All viruses have the potential to mediate cellular changes by altering the normal metabolic balance within the cell through over utilization of the cell's energy resources. While this can eventually lead to cell death, an earlier cost can be the failure of the cell to perform all of its normal functions. Continued metabolic drain on the cell can lead to a loss of essential components such as ATP required to maintain mitochondrial energy generation. These cells can show foamy vacuolization, swelling and intercellular fusion.

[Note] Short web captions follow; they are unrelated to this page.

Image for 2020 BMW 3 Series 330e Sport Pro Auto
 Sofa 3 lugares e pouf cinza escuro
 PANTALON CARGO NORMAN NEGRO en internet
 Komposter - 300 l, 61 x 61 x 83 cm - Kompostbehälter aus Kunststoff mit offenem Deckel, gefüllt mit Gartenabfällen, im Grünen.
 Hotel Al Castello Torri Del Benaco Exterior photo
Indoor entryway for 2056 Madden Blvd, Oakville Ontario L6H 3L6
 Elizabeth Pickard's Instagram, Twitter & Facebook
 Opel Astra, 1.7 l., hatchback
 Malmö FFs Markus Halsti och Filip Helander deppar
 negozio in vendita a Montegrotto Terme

Some viruses trigger a more active form of cellular death, called apoptosis, characterized by shrinkage and condensation of cellular components. While herpesviruses, especially HSV and human cytomegaloviruses (HCMV), adenoviruses, influenza and certain enteroviruses are cytopathic in cultures, many of the human viruses are essentially incapable of inducing a readily discernable CPE in viral cultures on human cells. For example, rubella; hepatitis A, B, C and D; HTLV; Borna and Hartaan viruses are non-cytopathic. Moreover, primary clinical isolates of measles, mumps and polioviruses induce far less CPE on human compared to animal cell lines. For many non-cytopathic, disease-associated, human viruses, the in vivo tissue damage is a consequence of immune activation.

Viral Immunity

The immune system can also both reduce and enhance the extent of viral damage. Antibodies can provide an effective blockade preventing viruses from gaining access to normally permissive cells. In particular, antiviral antibodies can help prevent viruses passing from the blood to the brain. Cellular immunity can reduce viral load by destroying infected cells prior to the release of infectious viral particles. On the other hand, cellular immunity against viral antigens or against modified or inappropriately expressed cellular antigens can lead to immune damage of a cell beyond that achieved by the virus itself.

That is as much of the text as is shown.